WHAT IS NEEDED
Your answer should be an exact copy of the lines from the start of the entries to the line containing "Mercedes-Benz GLB view 35", both included.

Short descriptive text snippets
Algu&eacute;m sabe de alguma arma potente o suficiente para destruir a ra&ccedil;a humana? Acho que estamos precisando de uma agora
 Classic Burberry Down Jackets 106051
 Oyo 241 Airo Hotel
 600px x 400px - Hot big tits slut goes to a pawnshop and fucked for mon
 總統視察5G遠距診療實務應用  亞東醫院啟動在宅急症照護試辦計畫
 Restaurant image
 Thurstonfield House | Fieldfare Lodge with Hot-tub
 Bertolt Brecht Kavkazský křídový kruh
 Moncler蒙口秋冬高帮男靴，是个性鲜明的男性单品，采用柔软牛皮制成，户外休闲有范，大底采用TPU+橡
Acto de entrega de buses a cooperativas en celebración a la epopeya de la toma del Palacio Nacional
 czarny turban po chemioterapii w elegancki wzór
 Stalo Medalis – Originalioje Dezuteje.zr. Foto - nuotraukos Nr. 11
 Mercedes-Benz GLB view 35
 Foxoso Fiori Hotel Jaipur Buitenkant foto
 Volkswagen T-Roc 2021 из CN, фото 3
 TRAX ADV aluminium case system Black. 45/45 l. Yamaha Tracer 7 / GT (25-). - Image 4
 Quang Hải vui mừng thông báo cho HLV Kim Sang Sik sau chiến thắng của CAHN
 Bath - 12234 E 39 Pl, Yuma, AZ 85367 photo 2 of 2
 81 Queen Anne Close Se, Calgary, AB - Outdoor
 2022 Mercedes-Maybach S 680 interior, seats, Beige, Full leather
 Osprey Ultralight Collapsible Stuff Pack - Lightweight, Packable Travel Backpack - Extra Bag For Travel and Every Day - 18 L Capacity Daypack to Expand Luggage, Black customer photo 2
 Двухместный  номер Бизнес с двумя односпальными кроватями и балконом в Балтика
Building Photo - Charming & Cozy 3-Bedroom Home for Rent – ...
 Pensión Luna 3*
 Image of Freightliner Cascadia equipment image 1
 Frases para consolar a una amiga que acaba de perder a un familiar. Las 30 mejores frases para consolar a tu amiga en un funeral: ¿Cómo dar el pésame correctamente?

YOUR RESPONSE
Algu&eacute;m sabe de alguma arma potente o suficiente para destruir a ra&ccedil;a humana? Acho que estamos precisando de uma agora
 Classic Burberry Down Jackets 106051
 Oyo 241 Airo Hotel
 600px x 400px - Hot big tits slut goes to a pawnshop and fucked for mon
 總統視察5G遠距診療實務應用  亞東醫院啟動在宅急症照護試辦計畫
 Restaurant image
 Thurstonfield House | Fieldfare Lodge with Hot-tub
 Bertolt Brecht Kavkazský křídový kruh
 Moncler蒙口秋冬高帮男靴，是个性鲜明的男性单品，采用柔软牛皮制成，户外休闲有范，大底采用TPU+橡
Acto de entrega de buses a cooperativas en celebración a la epopeya de la toma del Palacio Nacional
 czarny turban po chemioterapii w elegancki wzór
 Stalo Medalis – Originalioje Dezuteje.zr. Foto - nuotraukos Nr. 11
 Mercedes-Benz GLB view 35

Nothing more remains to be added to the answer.